Zaha Hadid’s Ingenious Designs

Zaha Hadid’s Ingenious Designs

Wednesday, May 23, 2018 | By | Add a Comment

 

 

Zaha Hadid’s Ingenious Designs

Zaha Hadid was one of the most brilliant minds in architectural design.  Her work has been classified as Deconstructivism which is visually characterized as chaotic and unpredictable structures, often using non-rectilinear shapes which appear to distort and dislocate elements of the architecture.  Known as “the Queen of the Curve”, her work was described as having the highly expressive, sweeping fluid forms of multiple perspective points and fragmented geometry that evoke the chaos and flux of modern life.  Although she was often praised as the world’s top female architect, her work also attracted criticism.  She was among a group of architects who rejected their styles and classifications, as well as not ever coming to a worldly understandable, relative, conformed and unified definition over their own “different” designs of their own minds creation.  From being labeled as “making Doric temple forms out of plywood” to “unconventional buildings that seem to defy the logic of construction”, the unanimous verdict of critics is that Deconstructivism is a purely formal exercise with little social significance.  And yes, unfortunately for the Deconstructivists, I am one of THOSE critics that oppose you.  And why would I or anybody in their rightful mind side with different ideologies and a movement or style that is not in the mind or the time of anybody else’s except the creator’s, and therefore is different and not sane?  And yet, as we have seen with many despised reigning movements in the past several decades, the term had stuck and has come to embrace a general trend within contemporary architecture.  Ironically, it seems that the general consensus of everyone, including architects which once had been Deconstructivism’s ardent adherents are saying to shield their ridiculous embarrassment from the opposing masses, “We didn’t do it because we liked it.  We did it because we hated it.”  And of course, that’s all you need to say….and of course, it worked.

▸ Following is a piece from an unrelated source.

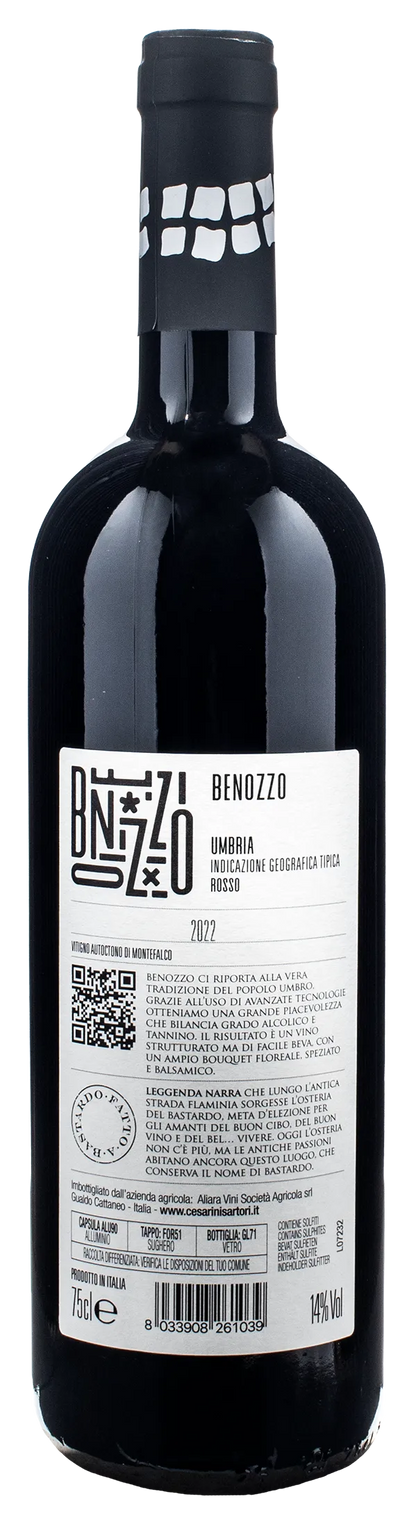 Cesarini Sartori Umbria Rosso Benozzo 2022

So, why would I, who stands with the opposing team, write a blog about Zaha Hadid and her Ingenious Designs?  Well, for one, I do like concrete, and concrete structures, and for some absurd reason, I think they are fun and urban.  And urban to me means culture and a sense of hope and public belonging.  This is unfortunately the reality that we live in, where we have to do with the nothing that we are given in life.  And in the irony of it all, these empirical things that are necessary evils are something to see and wander around in.  And some of the sights are nice too!  And so, I am going to give Zaha credit for actually creating some interesting, chaotic, unstable architecture that now disgusts people.  And many of her designs take up huge amounts of land too!  I just wish her and other Deconstructivist structures had more surprises for a style of architecture that rejects the past and presents no clear values as replacements and which often pursues strategies that are intentionally aggressive to human senses.  But who knows, maybe one day when the world is filled up with these “We didn’t do because we liked it.  We did it because we hated it” structures, there will be change along the lines of “We didn’t do it because we hated it.  We did it because we REALLY liked it.”, or “We didn’t do it because we liked it.  We did it because we REALLY hated it.”  Of course, what is REALLY liked or REALLY hated is still up to the discretion of the creator of a necessary style of architecture that may be more or less along the lines of something that rejects the past and presents no clear values as replacements and which often pursues strategies that are intentionally aggressive to human senses and more.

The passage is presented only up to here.